1973's The Three Musketeers and its quickly released sequel, The Four Musketeers: Milady's Revenge, used the (then) unusual tactic of filming both movies at the same time, significantly cutting down production time. Hoping to take advantage of the same scheme, Superman and Superman II went into simultaneous production.
As production costs mounted and it became clear that lightning might not strike twice (especially if it hadn't yet struck once), production on Superman II was stopped so producers could focus on the first one. Soon after that film proved to be a success, production started again on the sequel — sort of. There were a few difficulties, including Marlon Brando, who wanted more money and took the matter to court. Making matters worse, the director was swapped, putting Richard Lester in charge instead of Richard Donner.
Donner quickly scrapped some footage — about 75 percent of the film had already been shot — and essentially started over, making the movie his own. With a final budget around $54 million, most of that was certainly spent on possibly unnecessary reshoots to create the version we saw on screen.

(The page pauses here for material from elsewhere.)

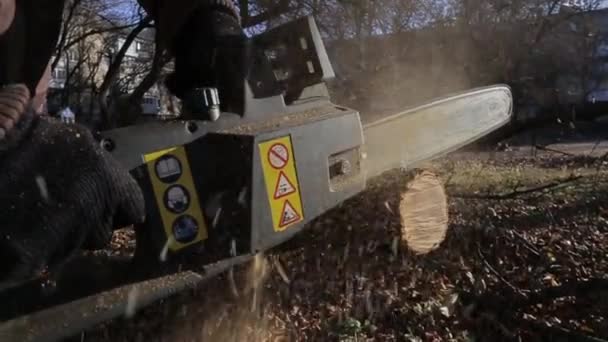 Sägen Eines Baumes Mit Der Kettensäge Das Geräusch Einer Motorsäge — Stockvideo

It's yet another instance of two last-minute decisions creating massive production expenses but ultimately resulting in a film — and even a sequel — that critics actually enjoyed, and made some money.
Still, fans clamored for years to see Donner's original vision for the caped crusader — and they got their wish when the "Donner Cut" of Superman II was officially released on DVD in 2006, proving once again that the smartest companies know how to turn conflict into profit.